In particular, our ongoing and future projects are as follows:
1. Controlling crystal growth via macromolecular additives
Crystalline materials from the nanoscale to the macroscale are highly valued for their favorable optical, electrical, and mechanical properties. A crystal’s morphology and growth kinetics can be affected by other particles in the crystallizing solution, which can nucleate crystallization using areas of charge density that match the periodicity of the crystal lattice or, conversely, inhibit growth by binding to the surfaces of the crystal.
Our group will seek to design macromolecular additives to exert control over crystal growth in a variety of contexts such as material fabrication, thermal energy release from phase change materials, textile finishing, and drug formulation.
2. Development of strong, sustainable materials from mineralized biopolymers
Across the animal kingdom, anatomical structures such as hair, fingernails, and feathers are composed of a protein called keratin. Some of these keratin-based materials (notably horn, tortoiseshell, and baleen) have been crafted into useful implements for most of human history. Elsewhere in animal physiology, collagen serves as a fibrous scaffold for the growth of bones, teeth, and antlers. These essential materials each consist of biopolymers that are mineralized to varying degrees: that is, they contain deposits of calcium salts that improve their mechanical properties.
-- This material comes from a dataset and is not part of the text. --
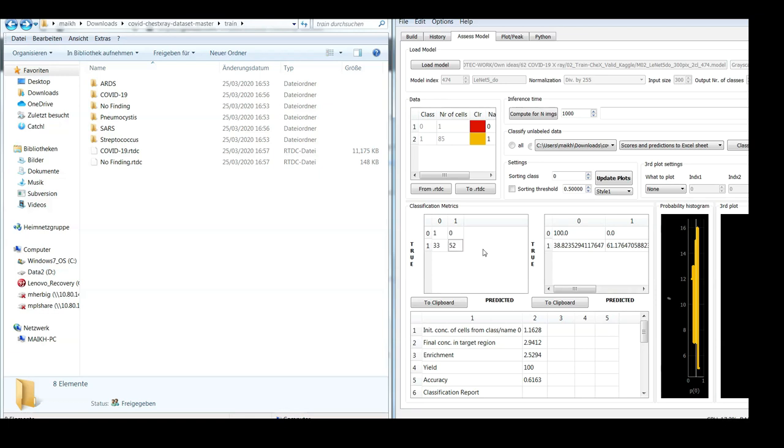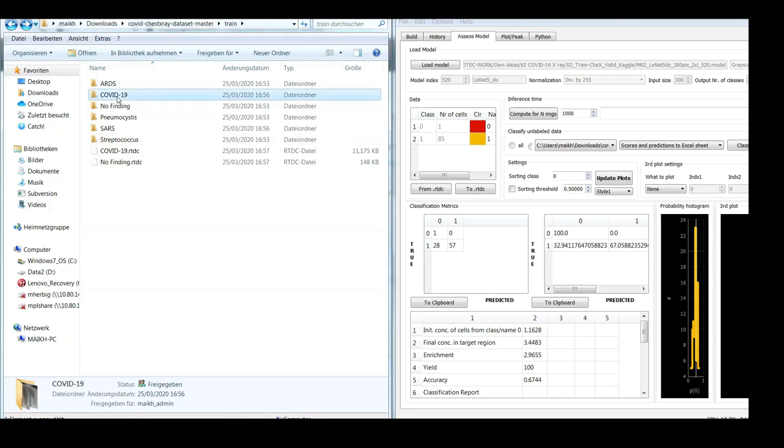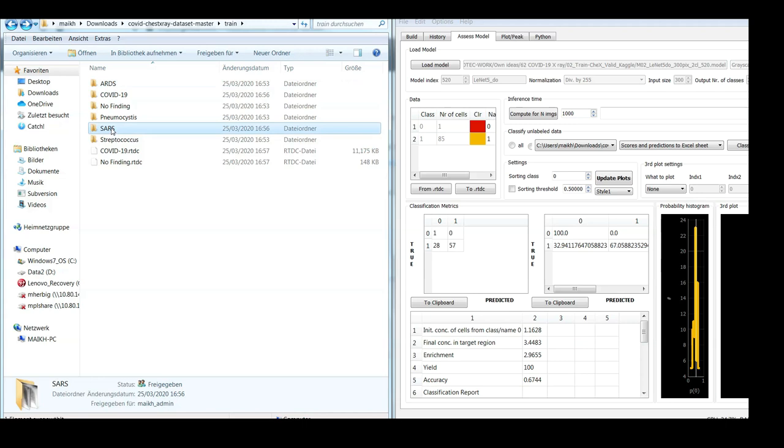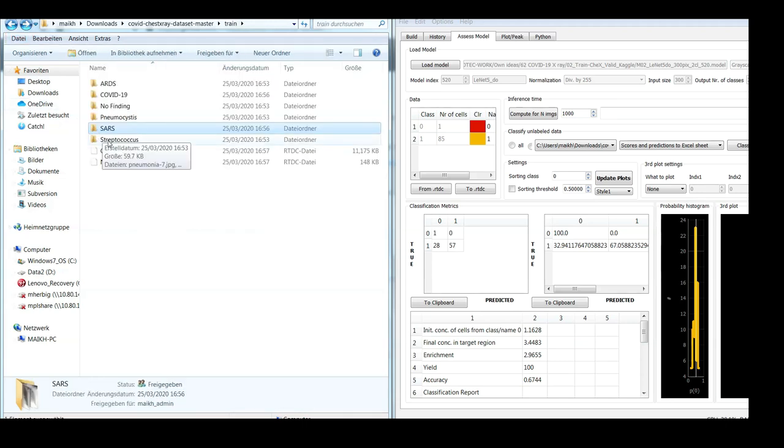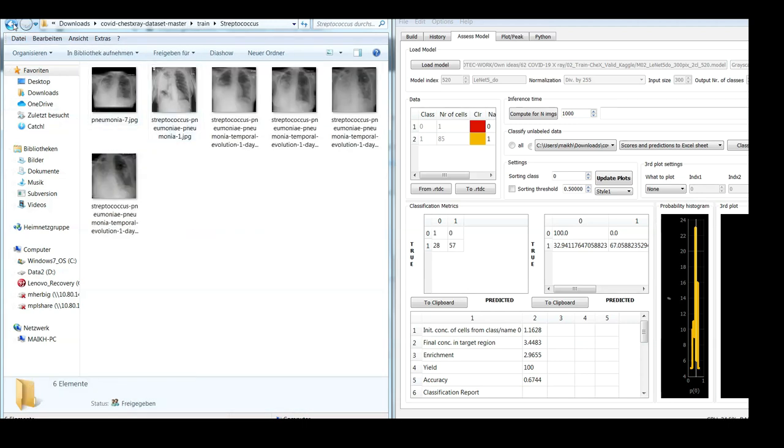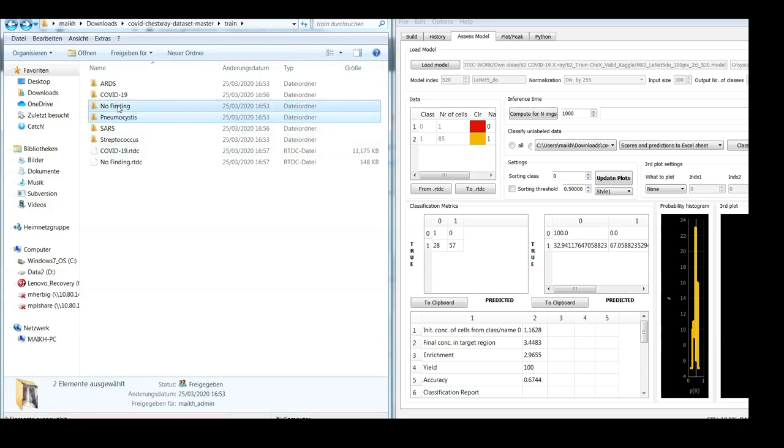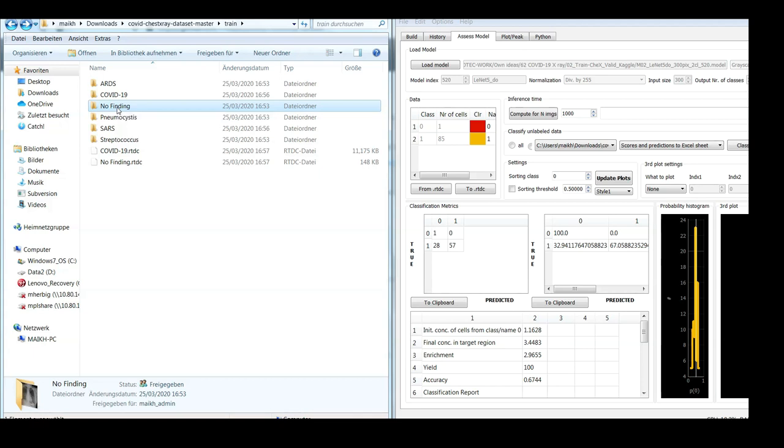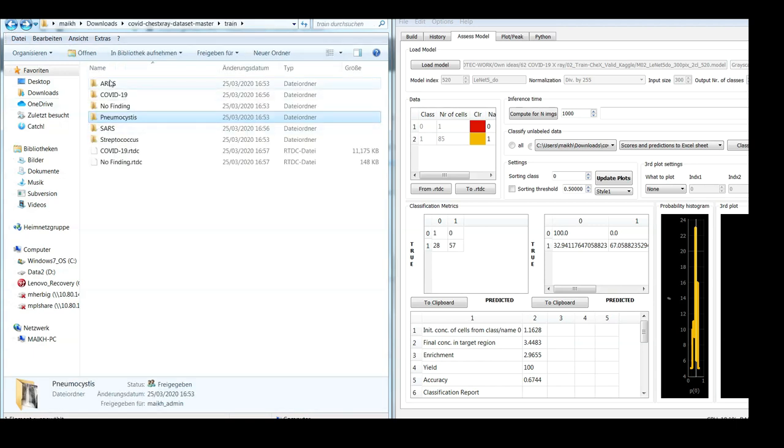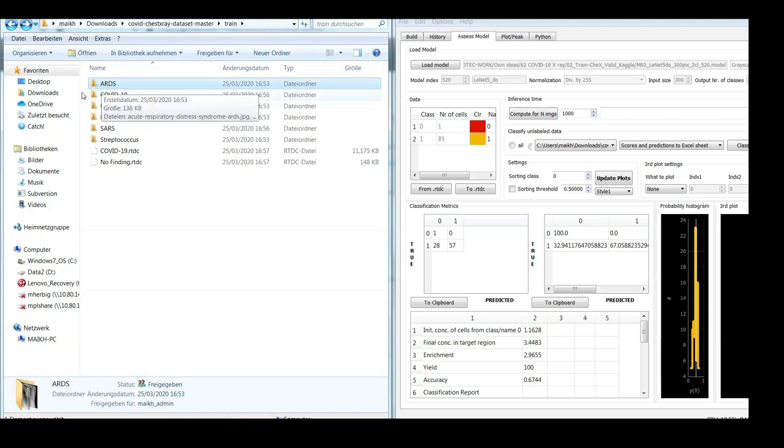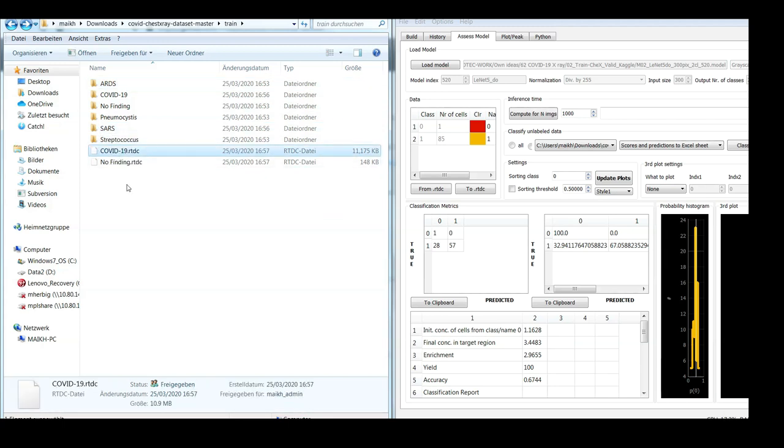Now I would like to optimize the model of index 520 to distinguish images from COVID-19 patients from patients that had another illness. That means I would like to pool images of ARDS patients and Streptococcus patients. I would like to leave out Pneumocystis and 'no finding' since 'no finding' means healthy, and there is also just one image. Therefore, again, I would like to pool images contained in this folder and try to train a model that is able to distinguish these images from images from COVID-19 patients.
Our group will seek to develop new materials, including reinforced textiles and biodegradable alternatives to petroleum-derived plastics, by experimenting with ways to combine sustainably sourced biopolymers and inorganic salts.
3. Creating neuron-like autonomous circuits in polymers and gels
The past century of technological progress has been defined by electronic circuitry made of metals and semiconductors. The most versatile and powerful computing schemes yet known, however, are the nervous systems of living beings, which are ultimately circuits based on the transport of ions through aqueous media. Such systems exhibit several advantages over traditional electronics based on the materials they are composed of: they may be soft, biocompatible, and transparent, they may leverage solution-phase chemistry, and they may derive electrical power from chemical gradients.
Taking inspiration from the form, function, and arrangement of neurons in animals, our group will seek to advance the development of synthetic ionic circuits in solvated polymer systems such as textiles and gels. An ultimate goal is to develop networked systems that couple sensors and actuators to produce complex, autonomous responses.